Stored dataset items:
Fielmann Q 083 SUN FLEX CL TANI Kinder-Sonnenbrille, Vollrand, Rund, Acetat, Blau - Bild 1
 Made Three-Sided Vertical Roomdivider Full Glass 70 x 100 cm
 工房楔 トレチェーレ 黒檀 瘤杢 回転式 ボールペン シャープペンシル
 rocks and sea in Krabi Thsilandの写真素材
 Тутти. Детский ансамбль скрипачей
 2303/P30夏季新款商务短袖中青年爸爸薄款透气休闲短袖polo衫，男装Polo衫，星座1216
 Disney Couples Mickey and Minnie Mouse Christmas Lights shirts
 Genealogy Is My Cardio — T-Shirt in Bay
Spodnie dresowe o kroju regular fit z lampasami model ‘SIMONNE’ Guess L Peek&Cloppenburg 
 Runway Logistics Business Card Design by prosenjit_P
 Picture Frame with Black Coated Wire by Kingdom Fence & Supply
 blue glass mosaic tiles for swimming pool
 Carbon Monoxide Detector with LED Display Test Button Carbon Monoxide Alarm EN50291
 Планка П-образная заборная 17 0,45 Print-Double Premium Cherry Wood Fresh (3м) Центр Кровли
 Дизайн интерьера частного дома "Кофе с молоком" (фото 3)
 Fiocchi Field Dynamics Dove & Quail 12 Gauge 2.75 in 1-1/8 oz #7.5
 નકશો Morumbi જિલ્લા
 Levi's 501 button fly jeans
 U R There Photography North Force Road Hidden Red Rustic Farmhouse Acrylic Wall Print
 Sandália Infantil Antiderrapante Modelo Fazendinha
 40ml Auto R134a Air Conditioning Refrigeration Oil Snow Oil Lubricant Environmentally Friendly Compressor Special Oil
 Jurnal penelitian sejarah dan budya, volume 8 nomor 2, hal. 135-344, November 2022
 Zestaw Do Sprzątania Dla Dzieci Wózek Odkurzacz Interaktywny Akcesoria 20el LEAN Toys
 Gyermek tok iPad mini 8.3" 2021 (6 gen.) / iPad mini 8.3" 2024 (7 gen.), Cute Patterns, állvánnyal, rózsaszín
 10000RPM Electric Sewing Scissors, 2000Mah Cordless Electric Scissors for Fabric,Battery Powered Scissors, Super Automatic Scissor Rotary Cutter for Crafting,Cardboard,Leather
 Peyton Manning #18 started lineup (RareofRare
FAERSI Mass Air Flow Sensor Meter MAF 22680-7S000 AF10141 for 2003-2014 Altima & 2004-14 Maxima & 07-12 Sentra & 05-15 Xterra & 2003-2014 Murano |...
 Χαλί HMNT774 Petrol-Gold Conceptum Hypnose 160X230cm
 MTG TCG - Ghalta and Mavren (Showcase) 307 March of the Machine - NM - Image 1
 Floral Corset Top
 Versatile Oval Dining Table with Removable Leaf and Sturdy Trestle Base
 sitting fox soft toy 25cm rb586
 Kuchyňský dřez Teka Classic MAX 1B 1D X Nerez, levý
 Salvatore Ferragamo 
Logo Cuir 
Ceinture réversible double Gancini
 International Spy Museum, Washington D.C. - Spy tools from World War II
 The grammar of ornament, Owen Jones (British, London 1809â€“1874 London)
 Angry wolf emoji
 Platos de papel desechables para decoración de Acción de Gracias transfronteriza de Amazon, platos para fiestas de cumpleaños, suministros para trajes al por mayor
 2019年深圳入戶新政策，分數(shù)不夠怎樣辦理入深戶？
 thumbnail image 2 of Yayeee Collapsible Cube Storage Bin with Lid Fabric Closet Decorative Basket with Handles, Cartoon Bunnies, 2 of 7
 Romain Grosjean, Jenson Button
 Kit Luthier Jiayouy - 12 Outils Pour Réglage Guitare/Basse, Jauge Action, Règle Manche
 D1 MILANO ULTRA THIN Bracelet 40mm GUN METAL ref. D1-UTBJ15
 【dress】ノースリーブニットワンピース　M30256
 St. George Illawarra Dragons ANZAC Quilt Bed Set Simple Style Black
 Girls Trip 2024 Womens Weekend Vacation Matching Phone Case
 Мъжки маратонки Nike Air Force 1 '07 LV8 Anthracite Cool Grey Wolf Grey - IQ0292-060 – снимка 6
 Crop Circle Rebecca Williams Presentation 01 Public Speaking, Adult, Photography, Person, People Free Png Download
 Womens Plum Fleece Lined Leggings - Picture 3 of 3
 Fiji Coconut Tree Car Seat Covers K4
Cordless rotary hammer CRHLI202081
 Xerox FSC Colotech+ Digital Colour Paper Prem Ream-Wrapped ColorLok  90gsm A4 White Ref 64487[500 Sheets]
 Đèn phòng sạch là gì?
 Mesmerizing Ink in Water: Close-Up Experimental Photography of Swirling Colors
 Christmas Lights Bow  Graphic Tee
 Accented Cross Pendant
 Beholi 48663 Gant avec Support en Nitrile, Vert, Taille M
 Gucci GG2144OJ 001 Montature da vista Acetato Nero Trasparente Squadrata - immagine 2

**Task to carry out:** Find each line in the records that contains the string "Picture", then say how many there are and nothing else.

**Result:** 2